Birbirini çekemeyenlerin ülkesi
Sıradan vatandaş ağlıyor, turizmci ağlıyor, galerici ağlıyor, müteahhit ağlıyor velhasıl herkes ağlıyor.
Peki, haklılar mı?
Sıradan vatandaş dışında –o da kısmen- aslında kimse haklı değil çünkü yıllardır Türk halkı izin verdiği ve verildiği için zaten sürekli soyuluyor. Ses çıkaranları da kuru gürültüde boğmakta üstümüze yok!
Mesela ülkemiz yerli turist için hemen hiçbir dönem hesaplı olmadı hep pahalı kaldı. Gerekçe ise memleketin dövize ihtiyacı olduğu… Tabi bizdeki tatil anlayışı da buna hizmet etti. Tatil hala pek çok insanımız için köyüne, memleketine gitmekten ibaret.

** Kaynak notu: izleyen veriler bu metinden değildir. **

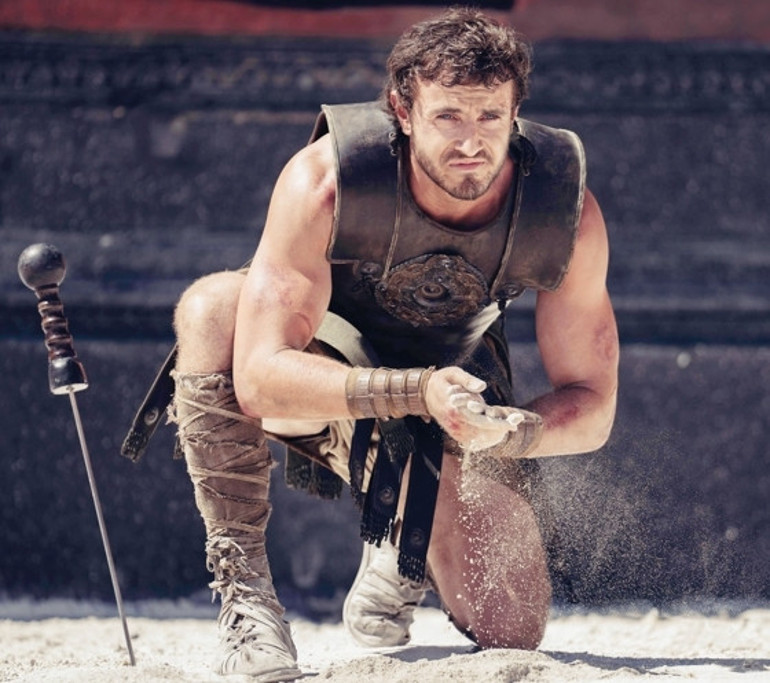 Göz kamaştırıcı lüks: Villa Siena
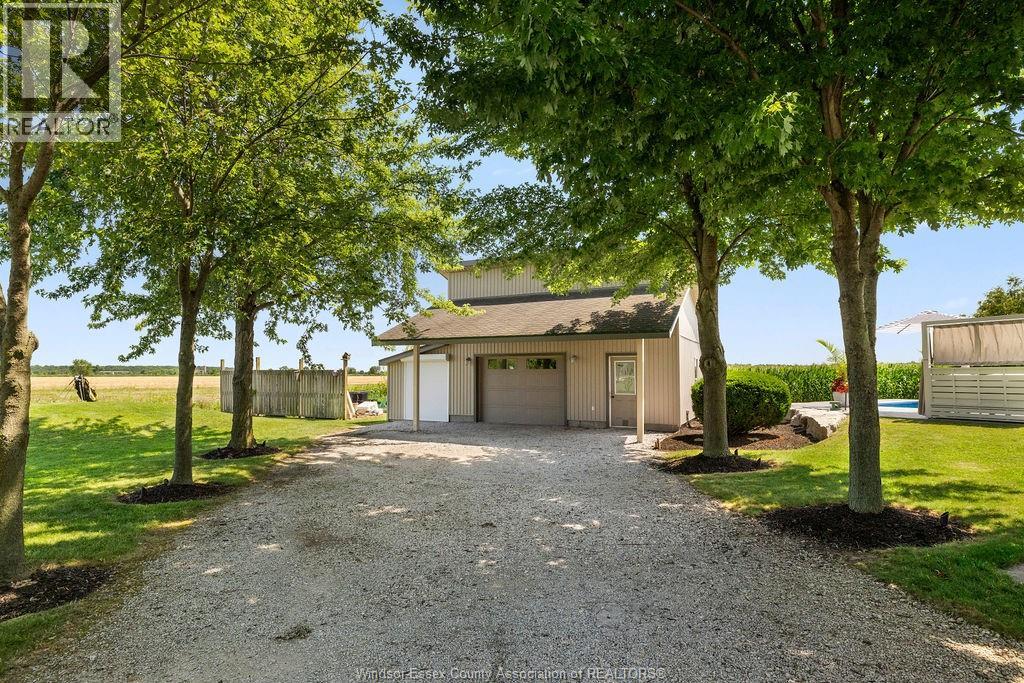 1099 WALLS ROAD - 39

Kimse kendisine beş yıldızlı otellerde bir tatili layık görmüyor.
Kendi ülkesinin alt ve orta sınıfını oluşturan yabancı turist içinse Türkiye hep bir cennet oldu ama üst segment paralı turisti çekmeyi hiç beceremedik. Ekonomiyi çok iyi bildiğimiz için de dönem dönem elin oğlu ülkemize gelip dövizini bozdurup döviz alıp vs. aslında arkasında tek kuruş bile bırakmadan ülkesine döndüğü bile oldu.
Eğe ve Akdeniz sahilleri kendi ülkesinde kıt kanaat geçinen birçok emekli Avrupalı ile dolup taşarken bu insanlar ülkemizde krallar gibi yaşıyor. Gerçi son dönemde onlar bile pahalıktan şikayetçi ve kaçma eğilimindeler.
Bir dönem Laleli esnafı kafasıyla nasıl birçok pazarı kaybetmişsek şimdi de gelen turistleri kaybetme tehlikesi ile karşı karşıyayız.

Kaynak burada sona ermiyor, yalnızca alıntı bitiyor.